Le contact avec un chien permet aux bébés d'attraper moins d'infections de l'oreille et d'affections respiratoires que ceux dont les domiciles n'abritent aucun animal, conclut une étude finlandaise.

La raison exacte n'a pas été déterminée, mais le Dr Eija Bergroth et ses collègues de l'hôpital universitaire de Kuopio pensent que le fait de vivre au contact d'un chien qui passe au moins une partie de sa journée à l'extérieur pourrait aider à faire mûrir le système immunitaire, ce qui mènerait à des réponses immunitaires plus efficaces et à des périodes d'infection plus courtes.

La tendance semble la même pour les chats, mais l'effet observé est plus faible qu'avec les chiens.

Près de 400 enfants finlandais ont participé à cette étude. Les parents ont consigné quotidiennement dans un journal l'état de santé de leur enfant de l'âge de 9 semaines à l'âge de 52 semaines.

Les résultats montrent que les bébés avec des chats ou des chiens à domicile étaient environ 30 % moins enclins à manifester les symptômes d'infections respiratoires comme la toux, le sifflement, la rhinite et la fièvre. Ils étaient aussi moitié moins enclins à développer des infections de l'oreille.

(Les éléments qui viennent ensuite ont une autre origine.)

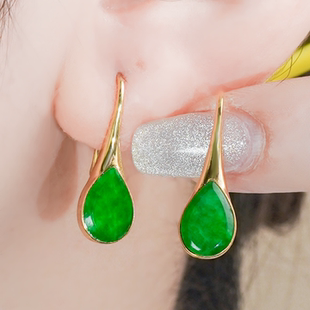18k金镶嵌天然翡翠耳环A货时尚音符设计满绿龙石水滴耳钩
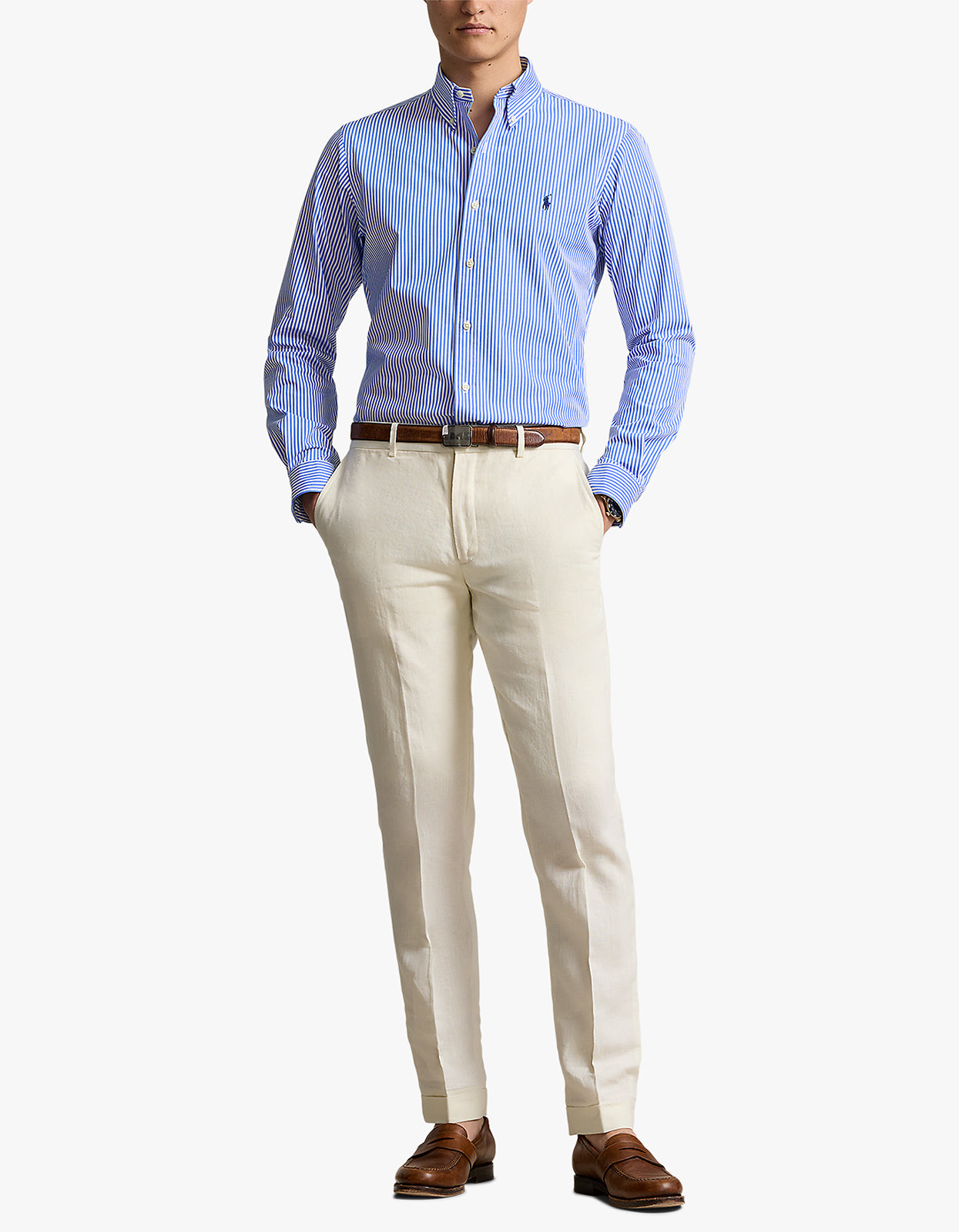 Long Sleeve Sport Shirt - 4655H Light Blue/White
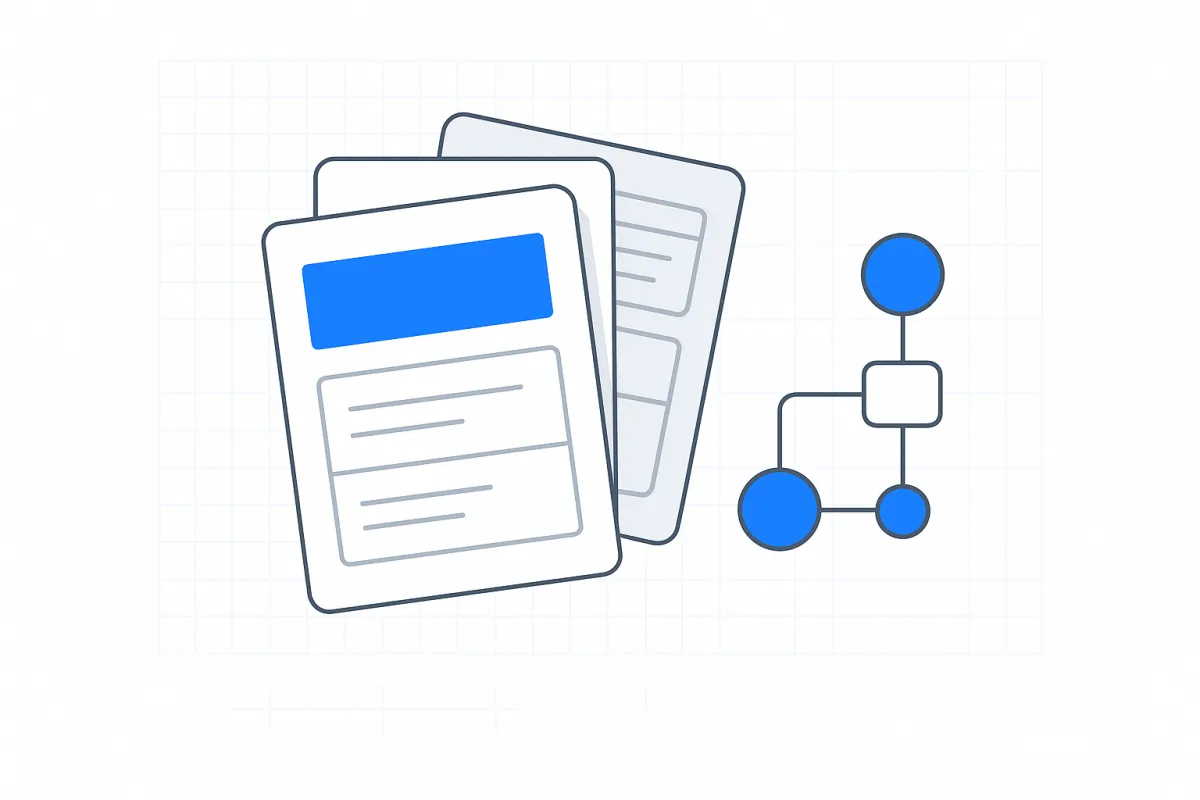 Modern illustration of blueprints, templates, and systems.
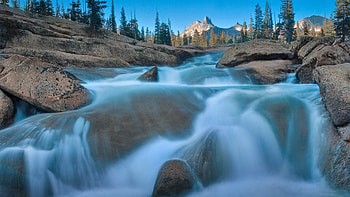 yosemite meadows waterfall, trees, waterfall, rocks, mountain HD wallpaper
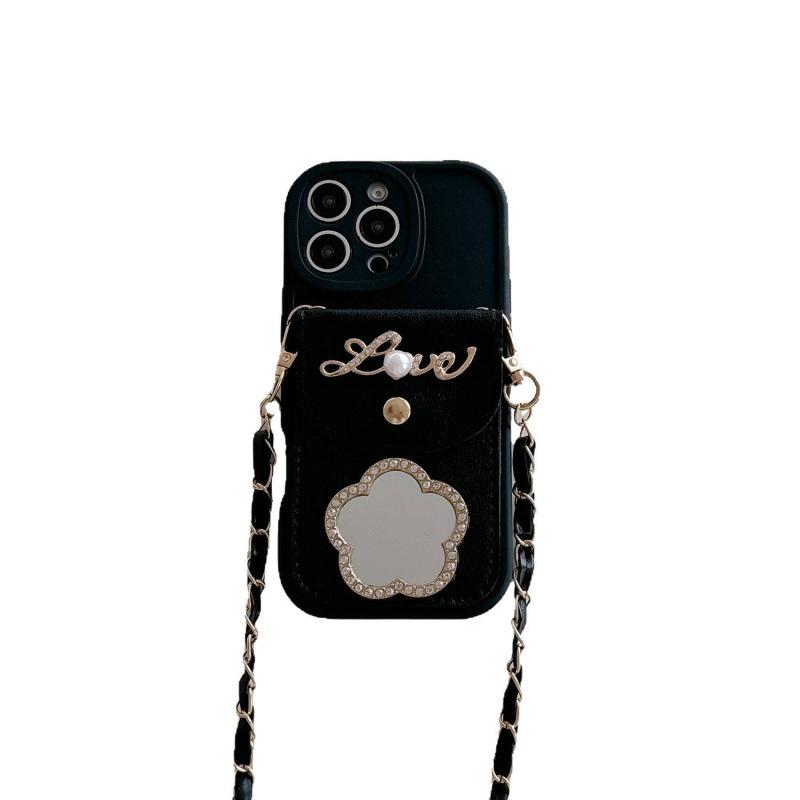 Full Coverage Makeup Mirror iPhone 16 Pro Max/17 Air/14/15 Crossbody Coin Purse Case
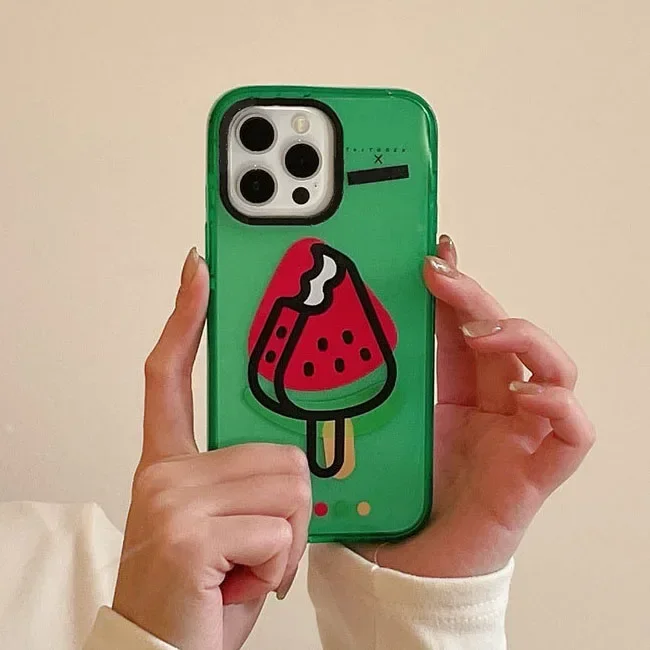 

2.0 Version Acrylic Upgrade Border Watermelon Phone Case Cover for IPhone 11 12 13 14 15 Pro Max Case for IPhone 14 Pro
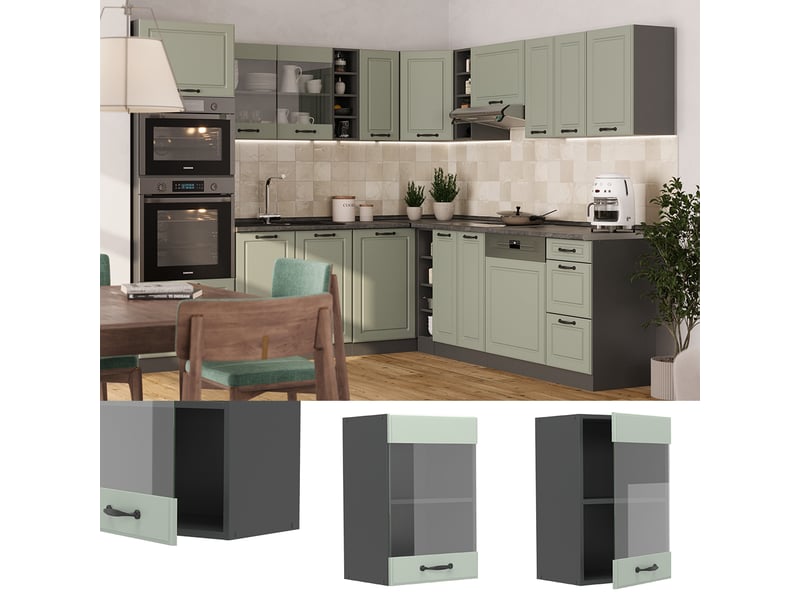  Vicco armoire en verre, mint campagneanthracite, 40cm  - Conforama D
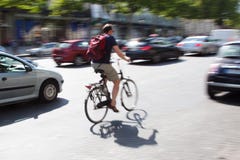 Bicycle Rider In City Traffic Royalty Free Stock Image Bicycle Rider In City Traffic Royalty Free Stock Image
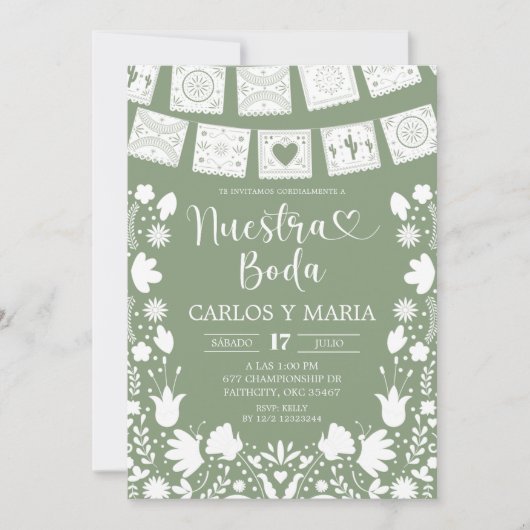 Sage Green Boho Talavera Mexican Nuestra Boda Kaart (Voorkant)
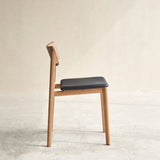 Poise Leather Oak Dining Chair | Black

Les données recueillies montrent que la meilleure protection a été observée chez les enfants qui avaient un chien présent à l'intérieur de la maison jusqu'à six heures par jour, par rapport aux enfants qui n'avaient pas de chien ou qui avaient des chiens qui étaient toujours dehors.

L'amélioration a été notable, même après que les chercheurs ont écarté d'autres facteurs qui pourraient renforcer le risque d'infection, comme le fait de ne pas avoir été allaité, de fréquenter une garderie, d'être élevé par des fumeurs ou d'avoir des frères ou des soeurs plus âgés dans la famille.

De plus, les bébés proches de chiens nécessitaient en moyenne moins de traitements antibiotiques.

De précédents travaux montraient des résultats contradictoires. Les auteurs de ces travaux publiés dans la revue Pediatrics pensent que leur travail diffère des analyses précédentes parce qu'il se concentre sur la première année après la naissance.